> [TASK DIRECTIONS]
Only the lines from the one holding "Summer at La" to the end of the data should be echoed, exactly as they appear, minus the pictures.

> [DATA BLOCK]
※ ※ ※

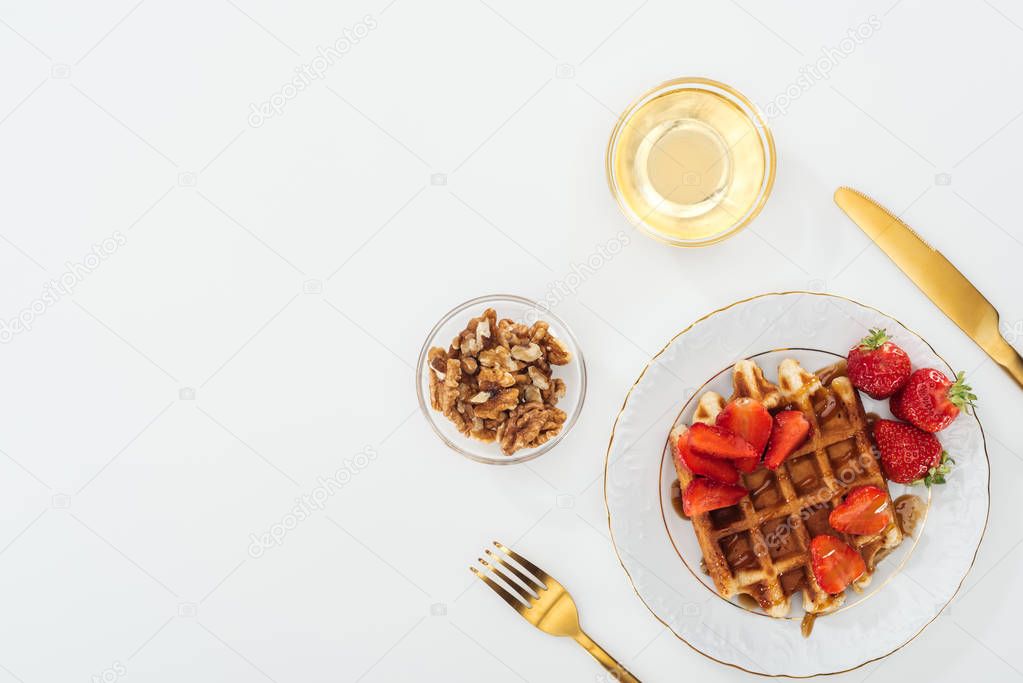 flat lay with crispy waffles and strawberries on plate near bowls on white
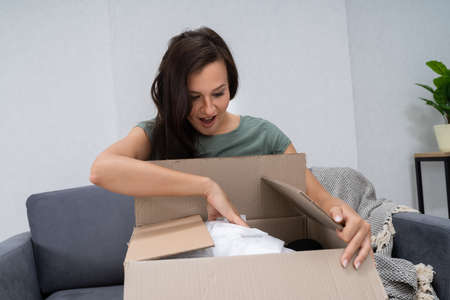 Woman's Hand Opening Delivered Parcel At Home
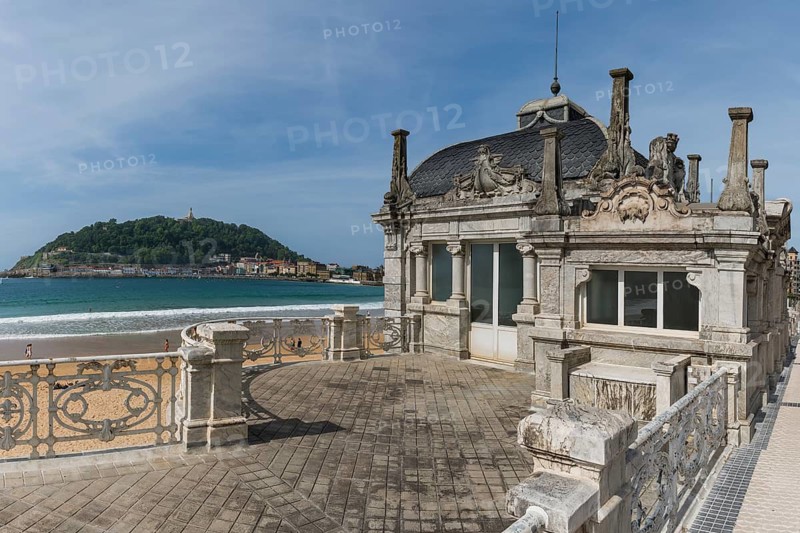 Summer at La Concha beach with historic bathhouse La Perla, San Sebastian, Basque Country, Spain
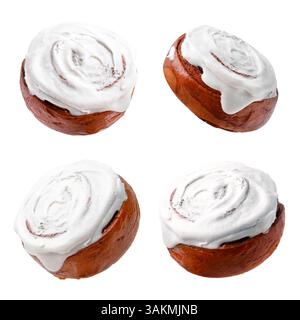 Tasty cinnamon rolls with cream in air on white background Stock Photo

※ ※ ※

> [RESULT]
 Summer at La Concha beach with historic bathhouse La Perla, San Sebastian, Basque Country, Spain
 Tasty cinnamon rolls with cream in air on white background Stock Photo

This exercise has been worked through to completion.